Methotrexate of Lakhem

Препарат Метотрексат Лахема. Teva (Тева) Израиль



General characteristics. Structure:

METHOTREXATE Lakhema of 5 mg, solution for injections
Contains in 1 bottle: A methotrexate of 5 mg, chloride sodium of 16,5 mg, a sodium hydroxide in the quantity necessary for adjustment рН, water for injections of 2 ml.

METHOTREXATE Lakhema of 20 mg, solution for injections
Contains in 1 bottle: A methotrexate of 20 mg, chloride sodium of 14 mg, a sodium hydroxide in the quantity necessary for adjustment рН, water for injections of 2 ml.

METHOTREXATE Lakhema of 50 mg, solution for injections
Contains in 1 bottle: A methotrexate of 50 mg, chloride sodium of 35 mg, a sodium hydroxide in the quantity necessary for adjustment рН, water for injections of 5 ml.

METHOTREXATE Lakhema of 1000 mg, solution for injections
Contains in 1 bottle: A methotrexate of 1000 mg, chloride sodium of 50 mg, a sodium hydroxide in the quantity necessary for adjustment рН, water for injections of 20 ml.




Pharmacological properties:

Pharmacodynamics. The methotrexate represents itself the antimetabolite relating to group of analogs of folic acid.

Activity of a methotrexate is caused by inhibition of synthesis of DNA, RNA, thymidylate and protein in result of rather irreversible binding with digidrofolatreduktazoy that interferes with recovery of dihydrofolate in active tetrahydrofolate.

So as the methotrexate renders action in S-faze of a cellular cycle, it is most active concerning fabrics with high proliferation of cells, such as tumoral fabric, marrow, epithelium cells. Besides, the methotrexate has immunosuppressive properties.

Pharmacokinetics. After intravenous administration the methotrexate is quickly distributed in limits of the volume equivalent to the total amount of liquids of an organism. The drug elimination half-life in an early phase of distribution makes 0,75±0,11 hours. The methotrexate disappears from blood plasma in the two-phase way. In an initial phase the period of its semi-removal makes 2-4 hours, an in a final phase (which is long) the period of its semi-removal makes 8-10 hours. At renal insufficiency both phases of removal of drug can be considerably prolonged. 50-80% of the entered dose of a methotrexate are found in an invariable look in urine within the first twelve hours after drug infusion. For use of normal doses of drug the clearance of creatinine has to be not less than 40 ml/min. For schemes in which higher doses are applied the clearance of creatinine has to be not less than 60 ml/min.

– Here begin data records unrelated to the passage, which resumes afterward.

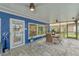 Covered patio featuring a dining set, tile flooring and ceiling fans at 297 Lakeview Dr, Tarpon Springs, FL 34689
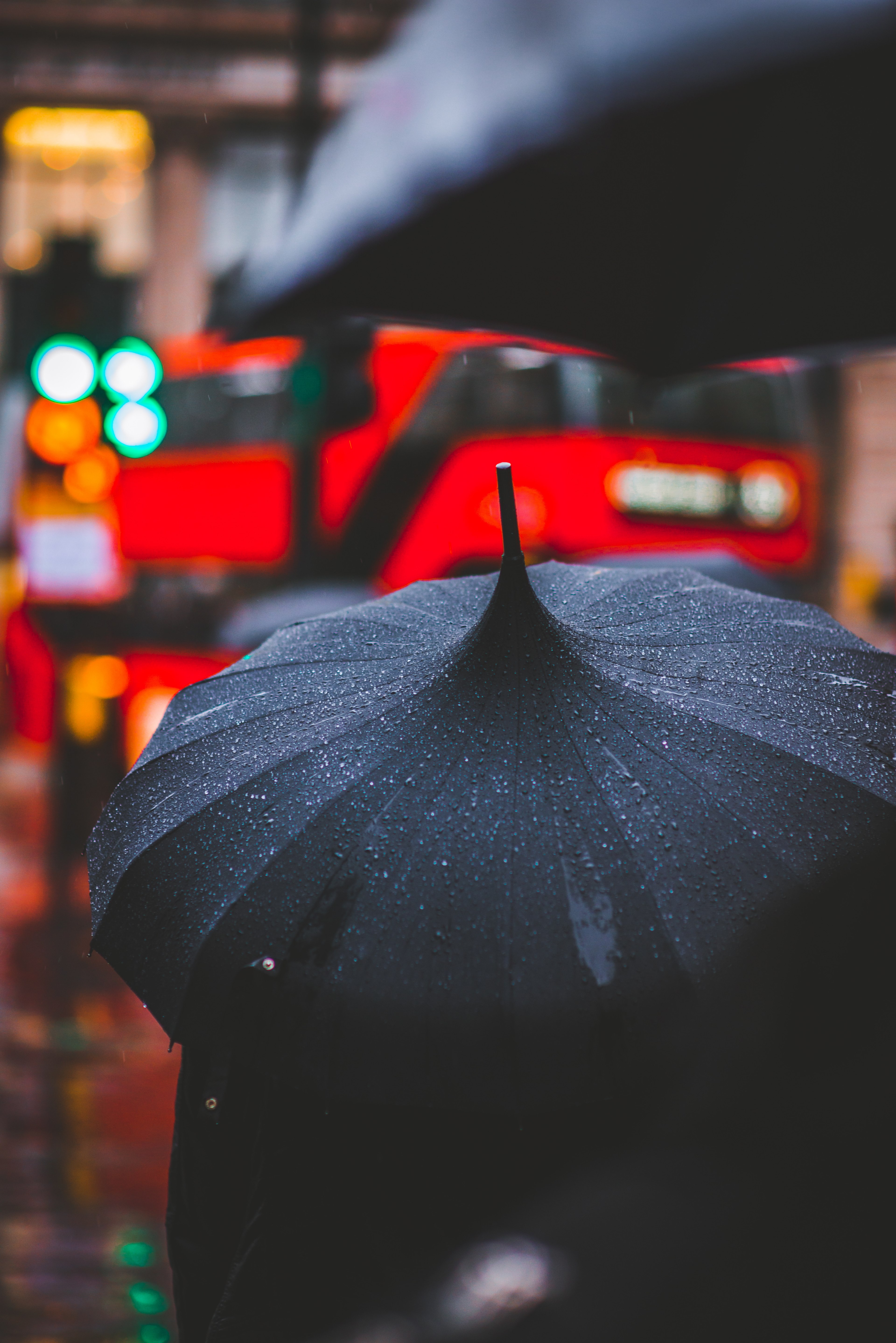 a person with a wet black umbrella in the streets of london, city colours 4k, Phone HD Wallpaper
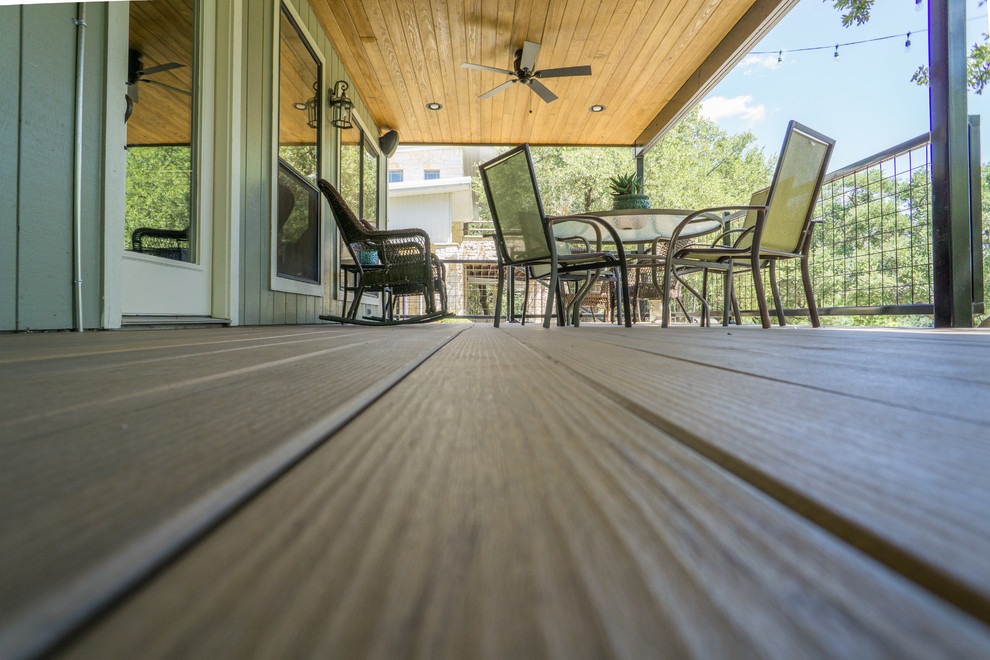 Large mountain style backyard balcony deck photo in Austin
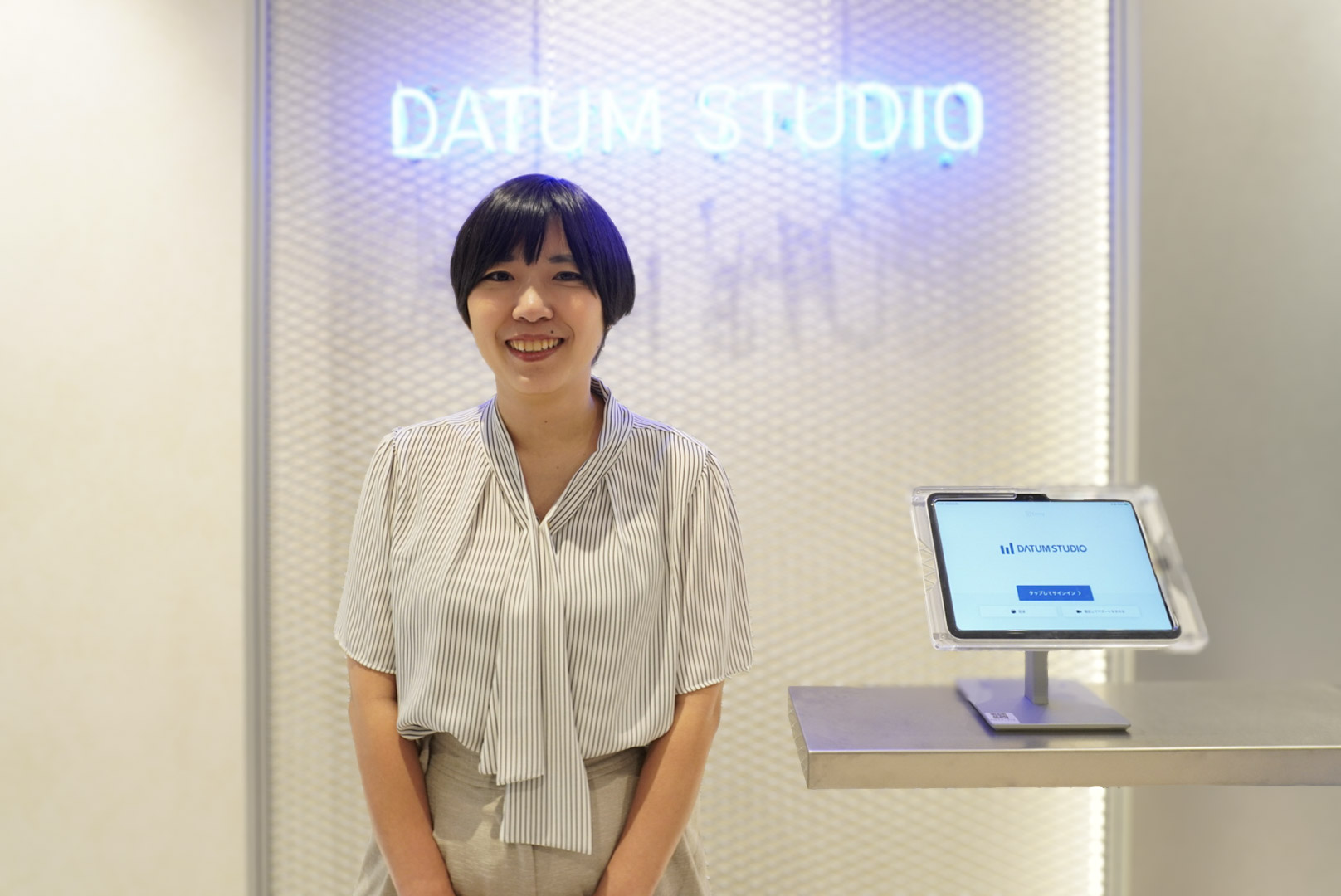 DATUM STUDIOのオフィス受付前に立つ真嘉比愛。背景にDATUM STUDIOのロゴと受付タブレットが写っている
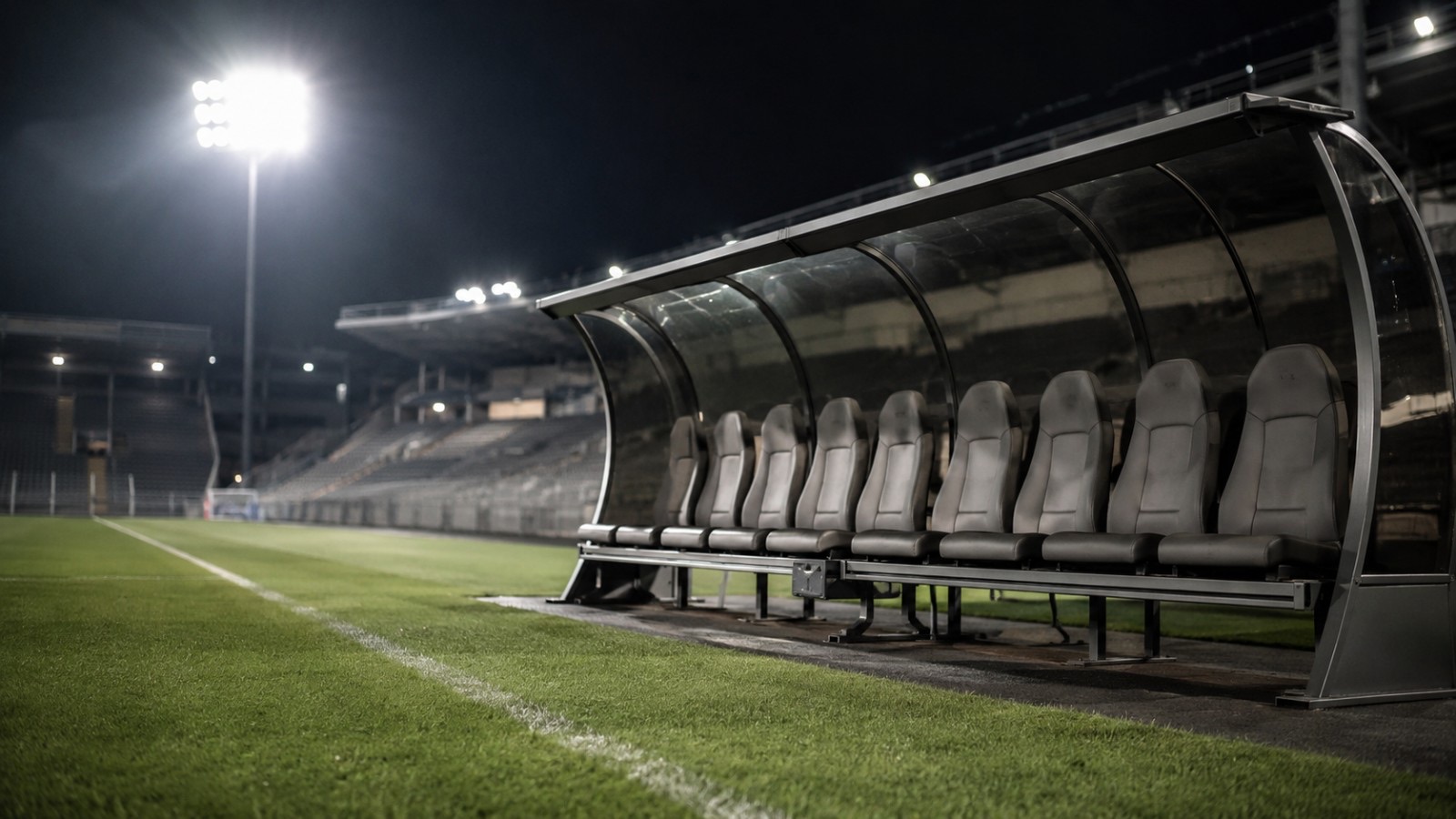 Banco de suplentes vacío al costado de una cancha de fútbol, de noche y con las luces del estadio encendidas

If these values provided below, a methotrexate it is impossible to enter. The methotrexate badly diffuses in cerebrospinal fluid therefore at system therapy achievement of cytotoxic concentration of drug in cerebrospinal fluid requires purpose of high doses for a long time. Removal of drug at patients with the expressed ascites or exudates considerably in a slowed-up way.


Indications to use:

• trophoblastic tumors,
• acute leukoses (especially lymphoblastoid and miyeloblastny options),
• neuroleukaemias,
• nekhodzhkinsky lymphoma, including lymphosarcomas,
• cancer of a mammary gland, planocellular cancer of the head and neck, lung cancer, skin cancer, cancer of a neck of a uterus and vulva, gullet cancer, cancer of kidneys, bladder cancer, germinogenny tumors of a small egg and ovaries, cancer of the sexual member, retinoblastoma, medulloblastoma,
• osteogennaya sarcoma and sarcoma of soft fabrics, Ewing's sarcoma,
• severe forms of psoriasis,
• fungoid mycosis (far come stages),
• rhematoid arthritis (at inefficiency of standard therapy).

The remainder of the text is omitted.